INFORMATION SHOWN:
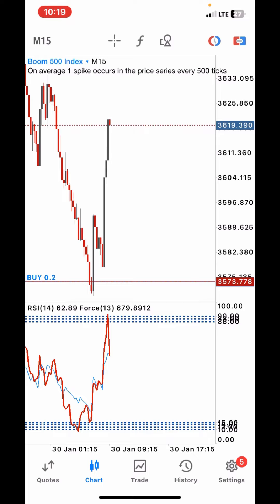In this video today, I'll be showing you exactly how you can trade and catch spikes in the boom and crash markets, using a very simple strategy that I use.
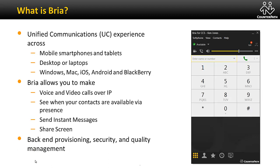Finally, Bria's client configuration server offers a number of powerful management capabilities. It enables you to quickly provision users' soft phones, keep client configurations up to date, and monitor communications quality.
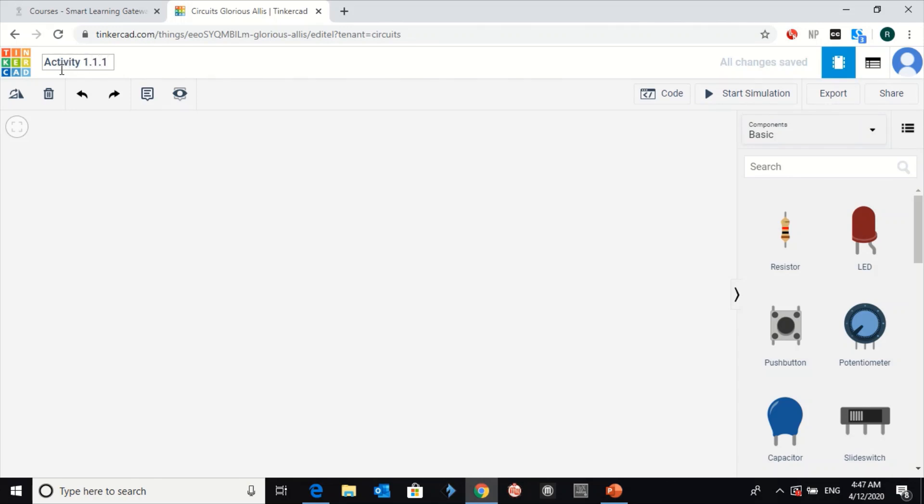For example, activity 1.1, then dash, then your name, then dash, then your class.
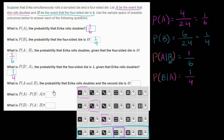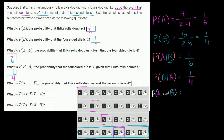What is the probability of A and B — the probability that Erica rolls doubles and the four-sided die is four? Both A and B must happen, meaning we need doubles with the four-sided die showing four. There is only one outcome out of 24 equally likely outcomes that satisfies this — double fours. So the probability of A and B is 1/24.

--

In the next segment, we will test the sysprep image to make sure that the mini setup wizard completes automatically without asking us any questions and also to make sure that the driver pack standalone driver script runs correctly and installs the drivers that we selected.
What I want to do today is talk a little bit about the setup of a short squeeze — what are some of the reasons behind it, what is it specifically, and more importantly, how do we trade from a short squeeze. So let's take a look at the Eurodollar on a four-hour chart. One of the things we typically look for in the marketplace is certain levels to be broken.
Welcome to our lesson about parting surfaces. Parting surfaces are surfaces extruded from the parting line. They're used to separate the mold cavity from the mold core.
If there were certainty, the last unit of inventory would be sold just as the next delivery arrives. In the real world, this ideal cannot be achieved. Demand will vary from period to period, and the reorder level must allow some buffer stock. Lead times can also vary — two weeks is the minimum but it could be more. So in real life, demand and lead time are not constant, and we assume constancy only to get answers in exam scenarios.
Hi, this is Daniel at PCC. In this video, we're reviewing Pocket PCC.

TASK INSTRUCTIONS: Copy exactly the part of the material above that opens with the line containing "Finally, Bria's client" and closes with the line containing "What is the", ends included. Drop the images.

EXERCISE RESPONSE:
Finally, Bria's client configuration server offers a number of powerful management capabilities. It enables you to quickly provision users' soft phones, keep client configurations up to date, and monitor communications quality.
For example, activity 1.1, then dash, then your name, then dash, then your class.
What is the probability of A and B — the probability that Erica rolls doubles and the four-sided die is four? Both A and B must happen, meaning we need doubles with the four-sided die showing four. There is only one outcome out of 24 equally likely outcomes that satisfies this — double fours. So the probability of A and B is 1/24.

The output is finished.